**** The input
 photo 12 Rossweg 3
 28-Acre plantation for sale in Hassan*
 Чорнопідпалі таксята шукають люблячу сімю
********
**** The input
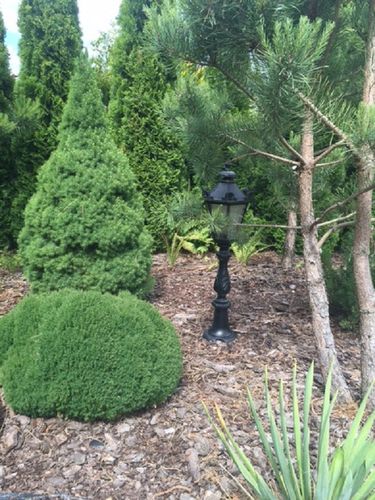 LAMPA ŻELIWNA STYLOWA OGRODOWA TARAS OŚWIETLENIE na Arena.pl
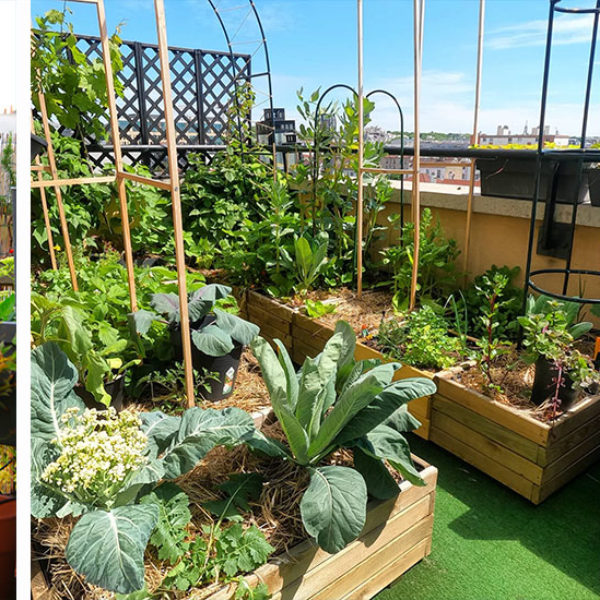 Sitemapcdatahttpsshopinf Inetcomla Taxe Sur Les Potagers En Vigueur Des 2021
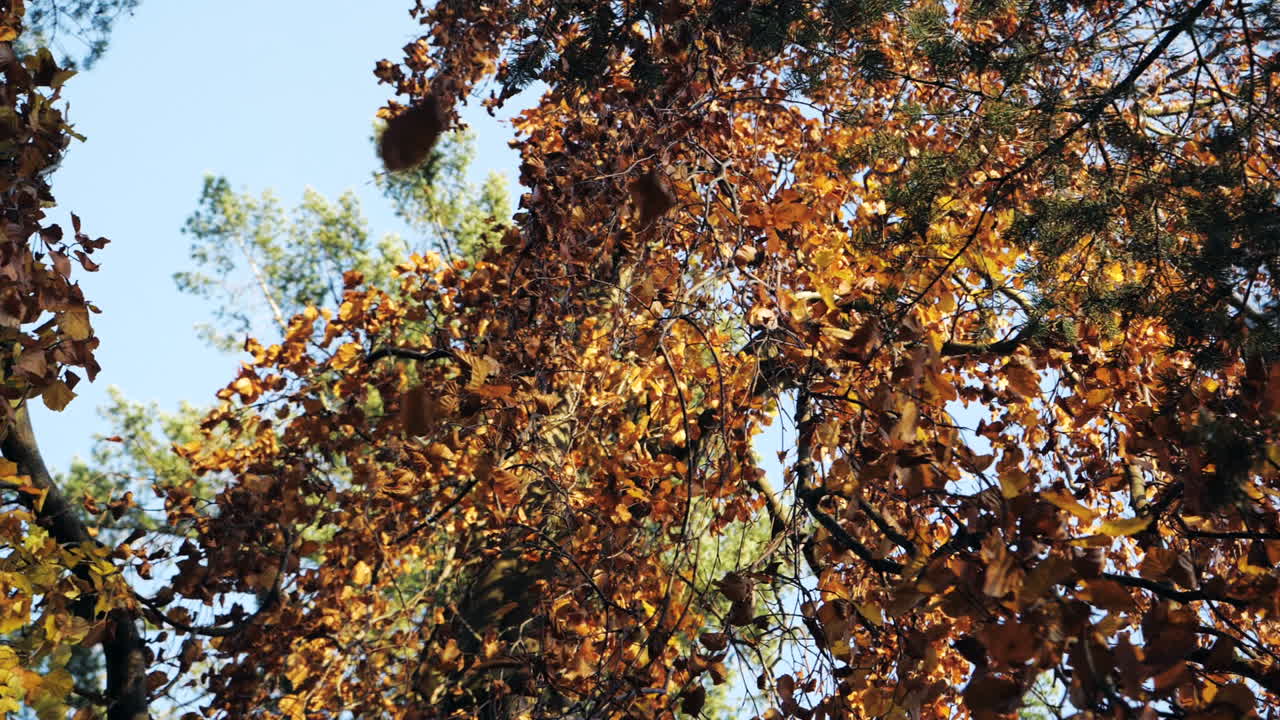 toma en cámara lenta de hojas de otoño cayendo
********
=== The task ===
Set down only the lines above that fall between the line holding "photo 12 Rossweg 3" and the line holding "Чорнопідпалі таксята шукають люблячу сімю", inclusive, keeping each exact.

=== Answer to this task ===
 photo 12 Rossweg 3
 28-Acre plantation for sale in Hassan*
 Чорнопідпалі таксята шукають люблячу сімю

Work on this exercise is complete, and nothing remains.